次の瞬間、ハリーの姿が消えて、金の卵を抱えた彼がスタンドの上を飛んで行くのが見えた。

さて、仕事の時間だー!

 

「【ほら、落ち着いて。もう卵を狙ってる人は居ないから】」

 

苛立っているホーンテールにそんな言葉をかけながら引っ張って行く。しばらくして、ようやく彼女は落ち着いた。

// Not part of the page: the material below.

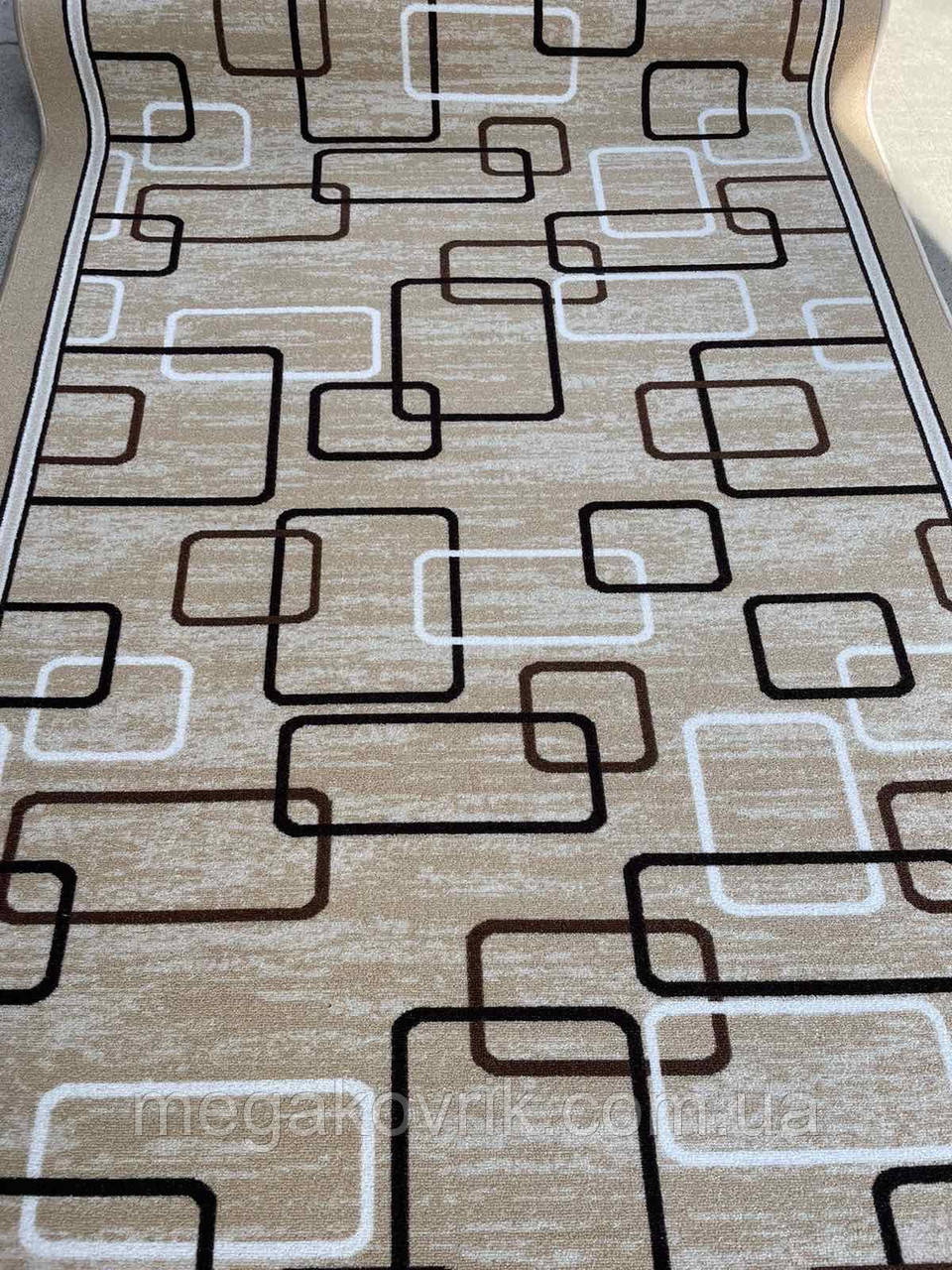 Ковролін Ширини в наявності: 1м, фото 1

医務室へと連れていかれたハリーが戻ってきた。ハーマイオニーとロンも一緒だ。よかった、仲直りしたようだ。

あたしは点数には興味がないから、そのまま城に向かった。例え誰が優勝しても、うちの子たちが活躍できればそれで良いからね。

 

「少しばかり、お願いがあるんじゃがのう」

 

後ろから声がかけられる。振り向くと、ダンブルドア校長先生が立って居た。

 

「えーと、何ですか?」

 

「第二、第三の課題の前に、代表選手全員に対して、魔法生物に関する講習をしてもらいたくてのう。ハグリッドでも良いんじゃが、彼は自分の趣味に走りそうな気がするし、それにハリーを贔屓するじゃろう。例え、カルカロフやマダム・マクシームが自らの学校の生徒を贔屓したとしても、わしだけは公平であらねばなるまい。故に、結果に興味を持たず、魔法生物に詳しい君が適任なのじゃ。頼めるかのう?」

 

朗らかに笑いながら、校長先生は言う。断る理由も無いし、あたしは承諾した。

 

「よかった、よかった。日にちは第三の課題の少し前じゃ。ああ、それと、湖の方は順調かのう?二月の二十四日の午前九時半から、第二の課題は開始されるのじゃが」

 

「順調ですよ」

 

マーカスとの交渉も進んでるし、うちの子たちへの説明も終わっている。あとは、どこにどの子を配置するかぐらいだ。

 

「もう一つだけ。クリスマスにはダンスパーティを開催するんじゃが、代表選手とそのパートナーには一番最初に踊ってもらうことになっておる。そして、その中には君も含まれておるから、早めにパートナーを見つけておくように」

 

「えっ」

 

校長先生は爆弾発言を残して去って行った。……ドレスってこのためか。それと、パートナーになってくれそうな相手が居ないんだけど……どうしよう。